I have great fun making avi's over at photobucket.com

If you want me to make you one I have all afternoon :mrgreen:

or you can make yourself an account over there and make your own, it's easy and fun!


----------



## ChoclateBetta (Jul 22, 2012)

I just like my avatar.


----------



## registereduser (Jul 30, 2010)

ChoclateBetta said:


> I just like my avatar.


It's great!


----------



## ChoclateBetta (Jul 22, 2012)

It's true too. Thank you for the complement. I like your avatar too.


----------



## BeautifulBetta123 (Aug 27, 2012)

I have an avi but can you make me one anyways? I would love one!


----------



## registereduser (Jul 30, 2010)

BeautifulBetta123 said:


> I have an avi but can you make me one anyways? I would love one!

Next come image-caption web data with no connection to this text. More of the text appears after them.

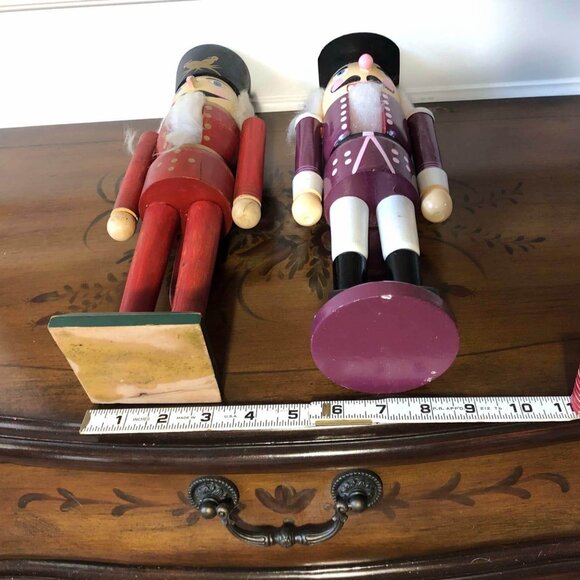 Enesco 13.5” toy soldier nutcracker(s) - set of 2 - Picture 8 of 10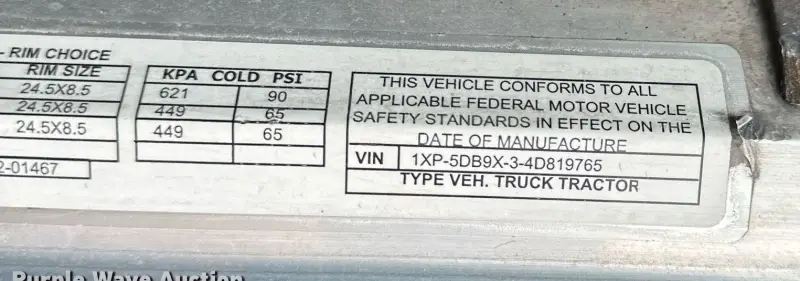 2004 Peterbilt 379 photo 71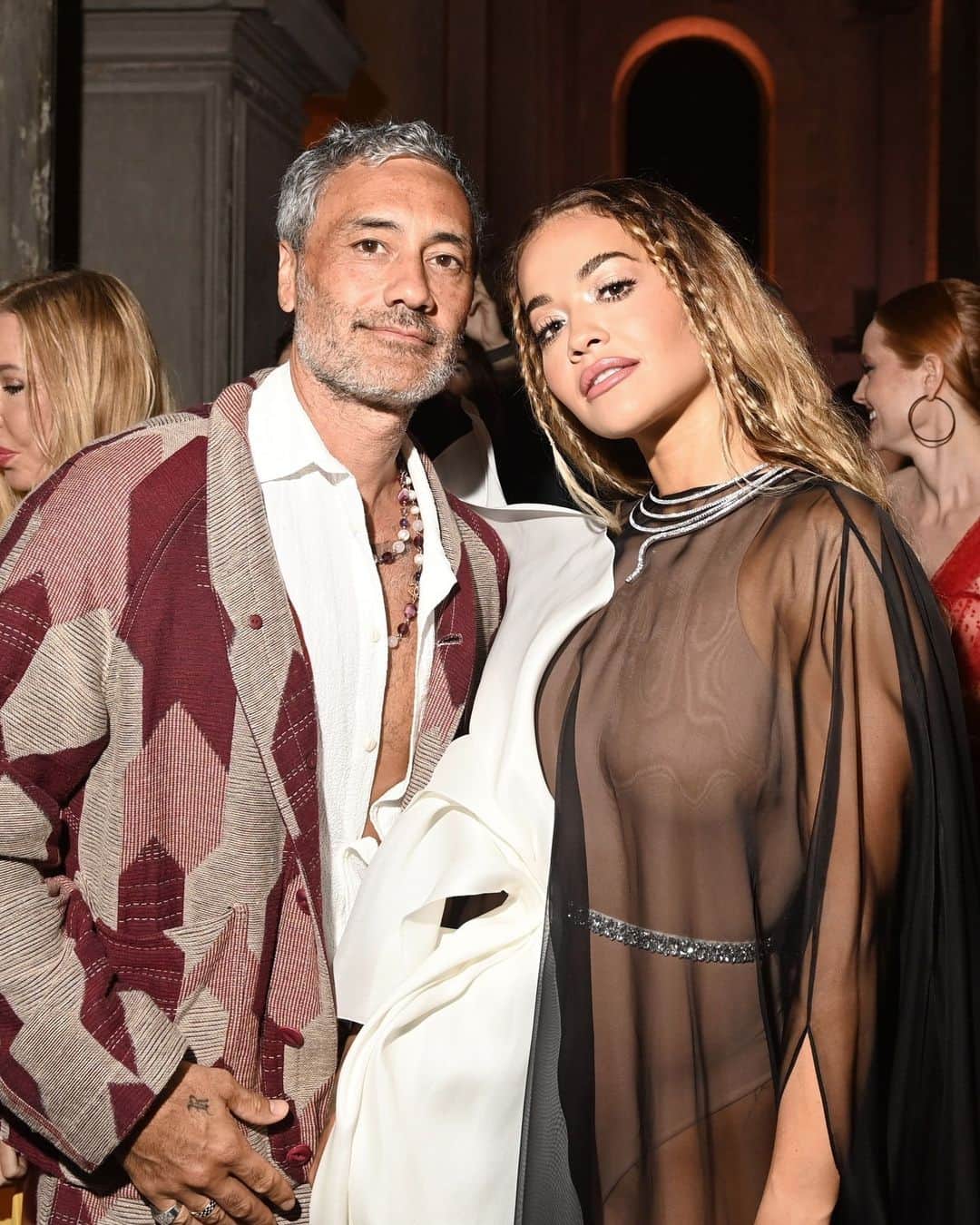GQさんのインスタグラム写真 - (GQInstagram)「Taika Waititi does not wait until fall to really start dressin'. We're still days away from the official start of autumn, but the acclaimed filmmaker has already had an especially Big Fit-filled September. He even walked his first NYFW runway for the always-luxurious Hermès. Read more on his sartorial hot streak at the link in bio.」9月22日 5時55分 - gq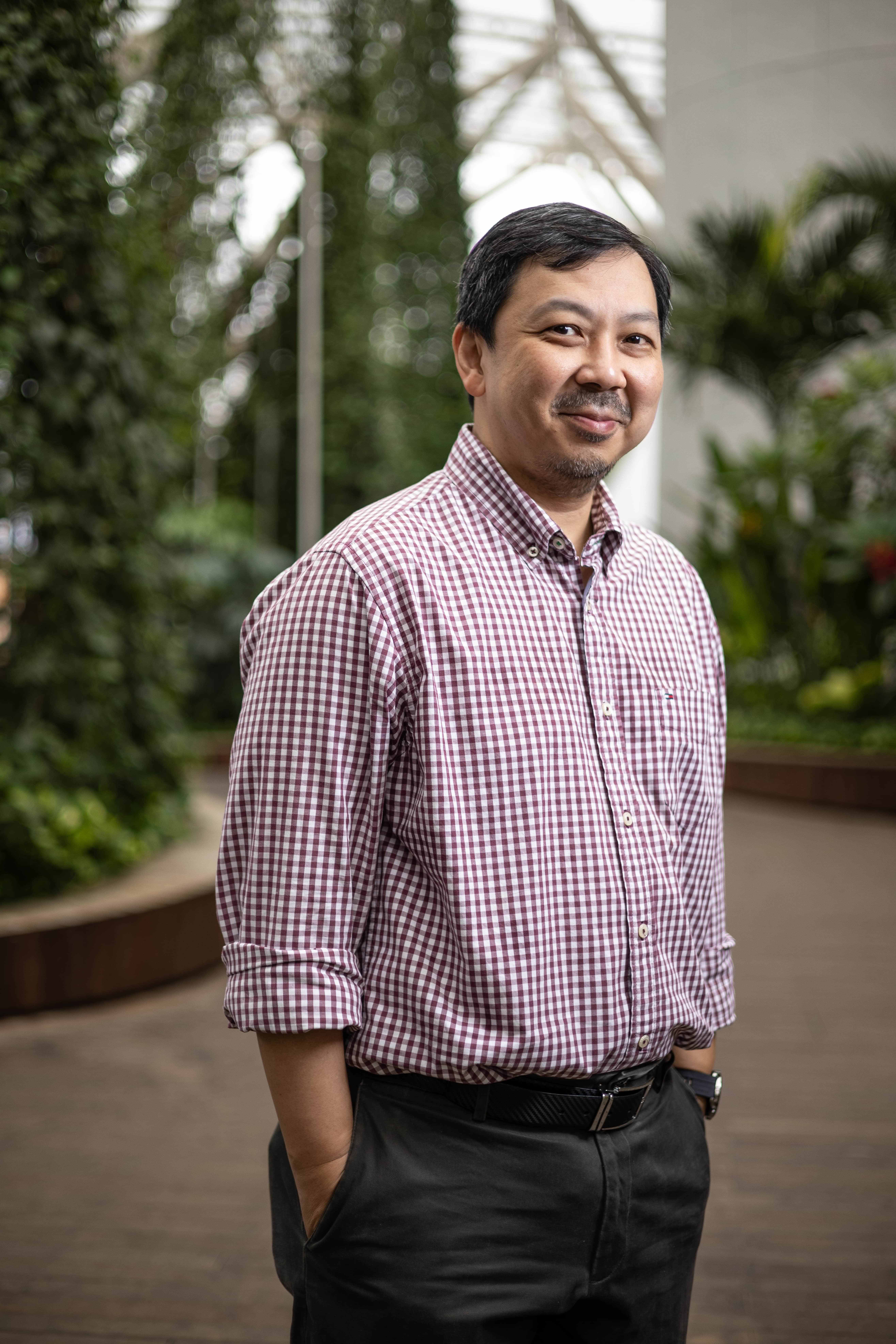 Assoc Prof Ang Wei Tech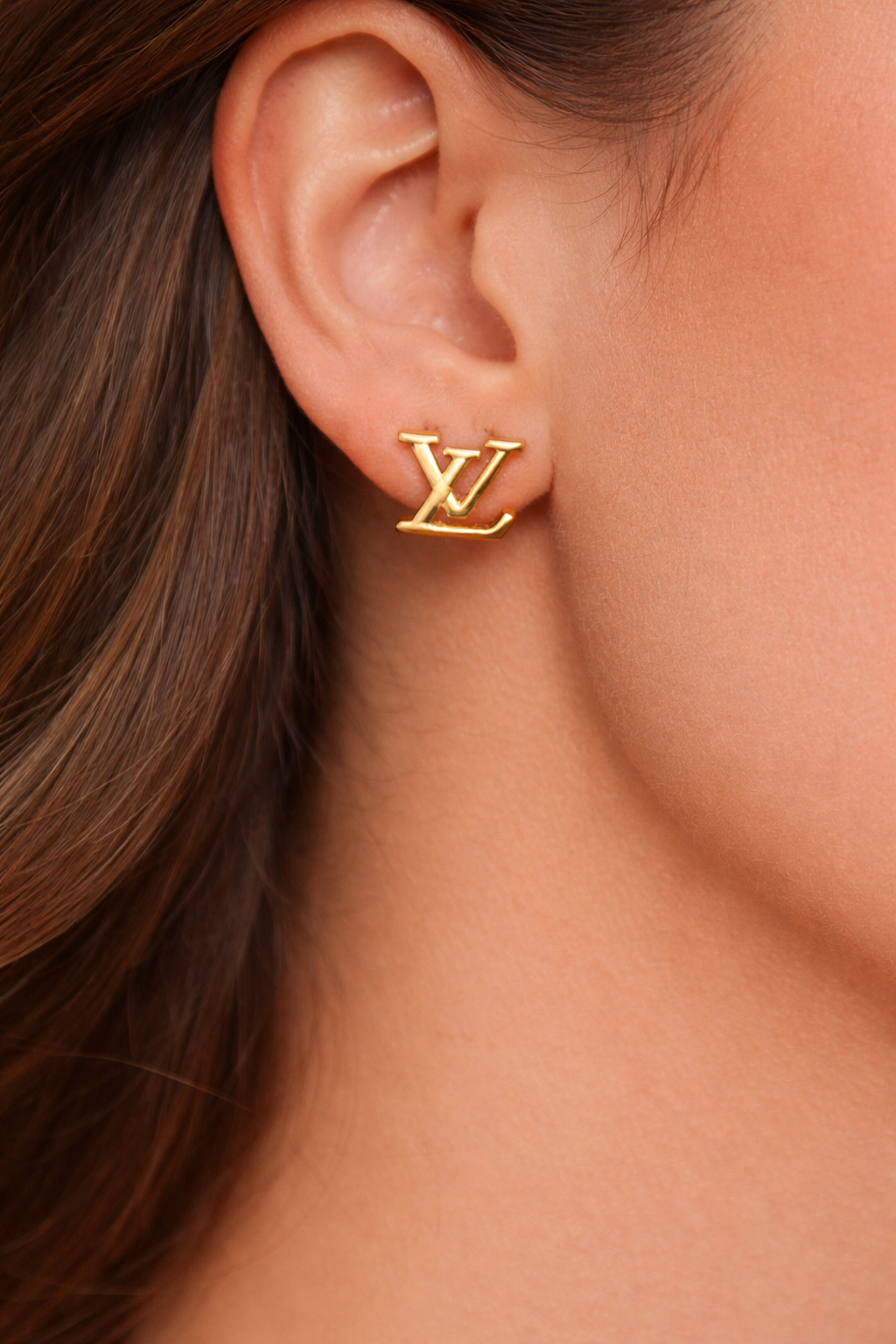 Luxury Gold LV Logo Stud Earrings – Elegant Minimalist Statement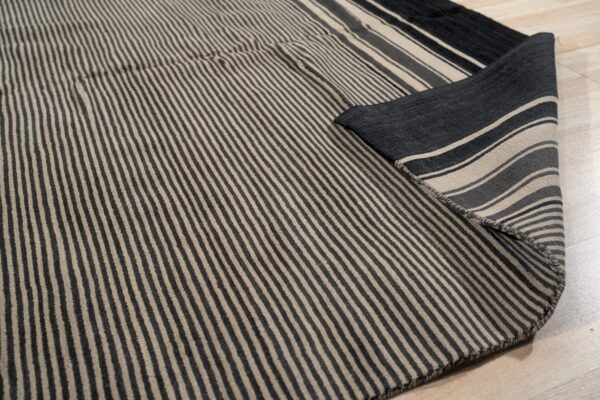 Black and beige stripe handmade wool rug - 8 x 10 size rugs 9 Black and beige striped handmade wool rug, black stripe (sku fio3bk8x10), detail 8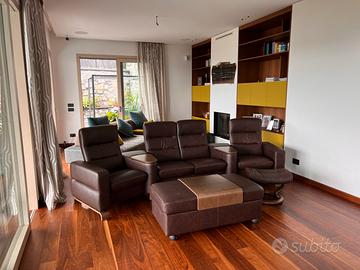 DIVANO COME NUOVO STRESSLESS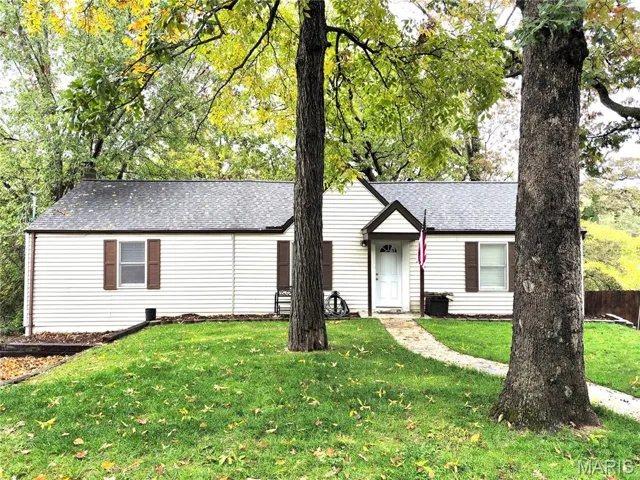 Ranch-style house architectural shingle roof.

sure! can you post a large photo I can use?


----------



## BeautifulBetta123 (Aug 27, 2012)

I will try but my computer is so glitchy


----------



## registereduser (Jul 30, 2010)

I used your current avi even tho it was tiny......


----------



## BeautifulBetta123 (Aug 27, 2012)

Aww, it is adorable thanks so much! Sorry about the tiny pic. You did great with it anyways


----------



## Laki (Aug 24, 2011)

I love photobuckets new layout (like photoshop) but the bleepin' edits never save to my album now. I can't even save an edit by right clicking it to dl it. Drives me.


----------



## registereduser (Jul 30, 2010)

BeautifulBetta123 said:


> Aww, it is adorable thanks so much! Sorry about the tiny pic. You did great with it anyways


you don't have to use it I just wanted to play;-)



Laki said:


> I love photobuckets new layout (like photoshop) but the bleepin' edits never save to my album now. I can't even save an edit by right clicking it to dl it. Drives me.


the new layout is BUGGY I'm not using it yet.


----------



## BeautifulBetta123 (Aug 27, 2012)

I love how he looks so much brighter and shinier in the pic! As soon as I can I will change it to my avatar picture!


----------